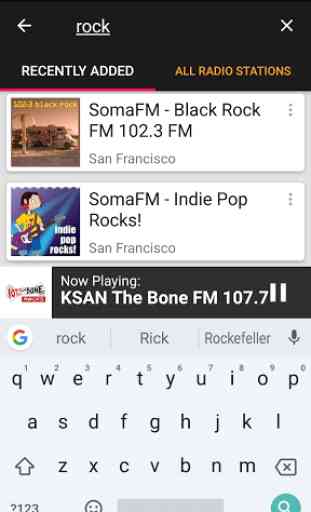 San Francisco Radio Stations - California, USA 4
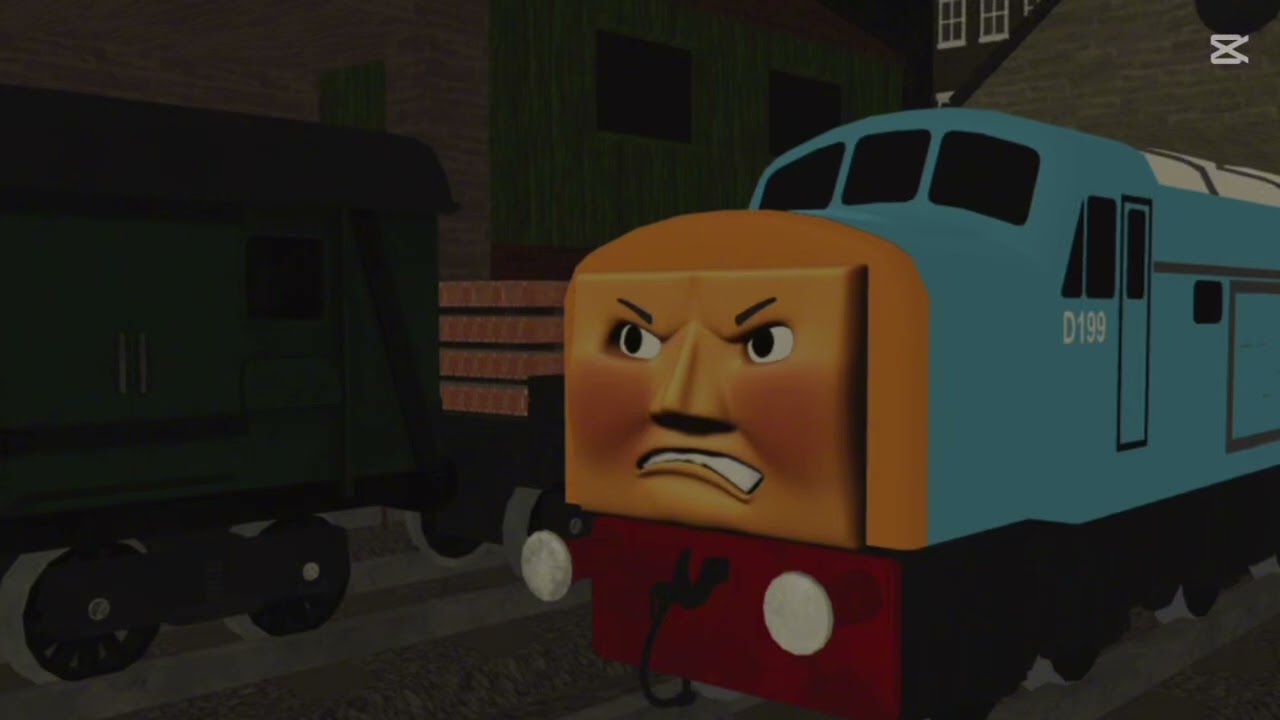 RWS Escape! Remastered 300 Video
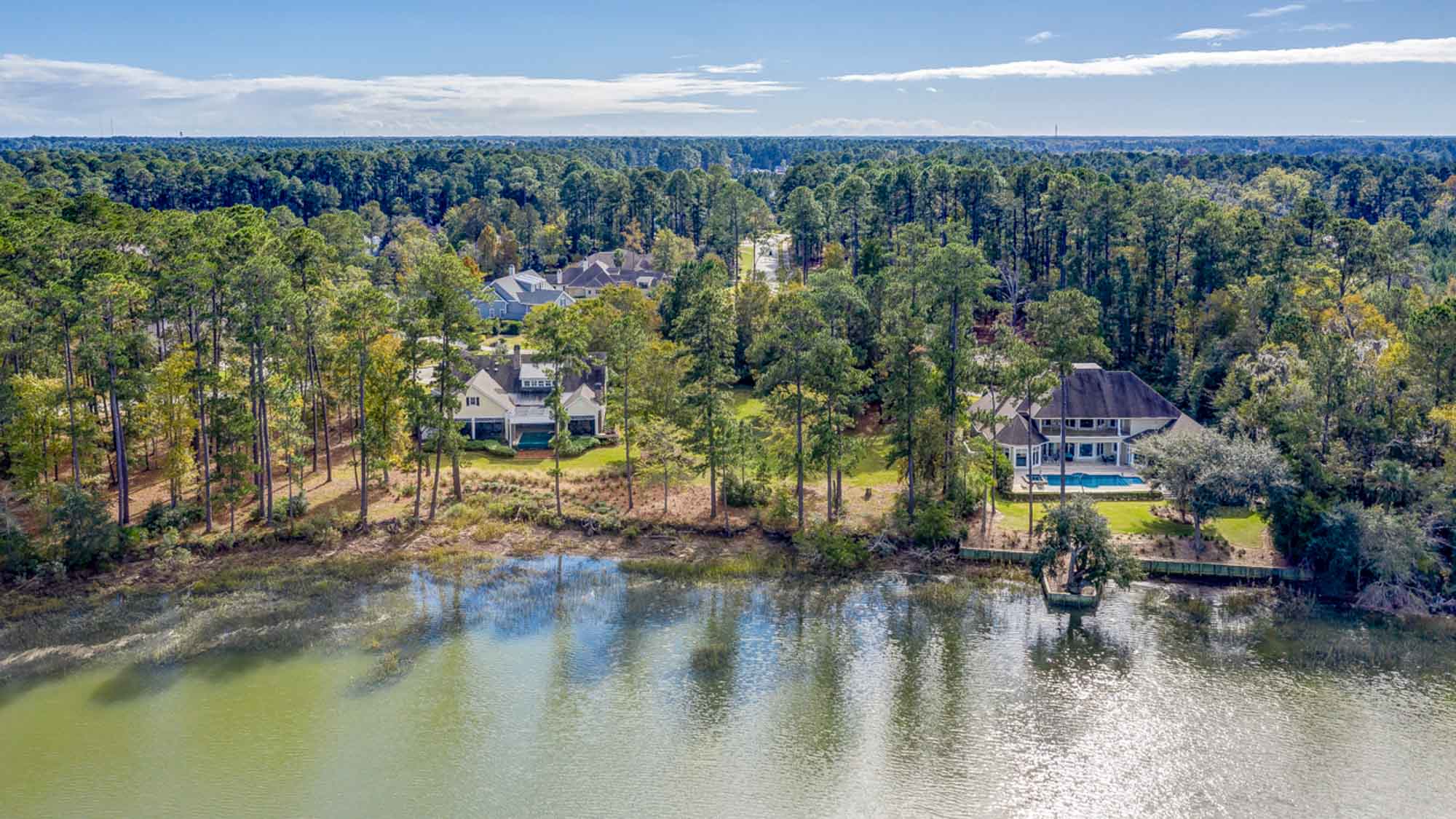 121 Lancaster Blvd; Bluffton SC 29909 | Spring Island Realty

→ TASK PROMPT
Restate the data above verbatim, skipping every image.

→ THE ANSWER
 San Francisco Radio Stations - California, USA 4
 RWS Escape! Remastered 300 Video
 121 Lancaster Blvd; Bluffton SC 29909 | Spring Island Realty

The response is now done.